Die Zeit der Irrfahrten und Abenteuer scheint vorbei zu sein. Smartphones berechnen alle Schritte und Abbiegungen im Voraus. Auf den Displays kann jedes noch so abgelegene Dorf von oben betrachtet werden. Reisen gehört zum Alltag, Karten sind allgegenwärtig. Und doch beweisen Bucherfolge über Couchsurfing, Pilgern auf dem Jakobsweg oder Karten abgelegener Inseln: Ungewöhnliche Reiseberichte und Atlanten haben immer noch Faszinationskraft.

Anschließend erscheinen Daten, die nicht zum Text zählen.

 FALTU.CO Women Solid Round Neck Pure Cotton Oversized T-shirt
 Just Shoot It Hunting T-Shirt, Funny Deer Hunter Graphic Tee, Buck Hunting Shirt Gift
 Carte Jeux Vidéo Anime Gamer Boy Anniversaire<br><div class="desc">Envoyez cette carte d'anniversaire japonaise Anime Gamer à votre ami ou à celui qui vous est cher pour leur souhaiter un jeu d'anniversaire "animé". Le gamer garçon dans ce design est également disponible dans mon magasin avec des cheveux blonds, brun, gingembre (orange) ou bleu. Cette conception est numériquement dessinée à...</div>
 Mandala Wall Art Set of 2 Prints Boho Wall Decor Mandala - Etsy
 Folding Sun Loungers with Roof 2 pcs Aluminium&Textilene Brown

Wie unterschiedlich die Versuche sind, die Welt in maßstäblicher Verkleinerung auf eine Fläche zu bannen, belegt "Map – Karten. Die Welt entdecken" (Phaidon, 352 S., 49,95 Euro). Der Band mit 300 Karten aus mehr als 2 500 Jahren führt vor Augen, welches Bild sich Menschen von der Erde machten und wie sie diese darstellten. Darunter findet sich eine babylonische Tontafel ebenso wie eine digitale Weltkarte, auf der Tweets als Lichtpunkte aufblitzen. Jede Doppelseite zeigt zwei Exemplare, die sich ähneln oder einen Gegensatz bilden. Wie Ai Weiweis Chinakarte aus dem Holz von Tempeln, die modernen Gebäuden weichen mussten. Im Buch steht sie einer kaiserlichen Seidenpapierkarte aus der Qing-Dynastie gegenüber.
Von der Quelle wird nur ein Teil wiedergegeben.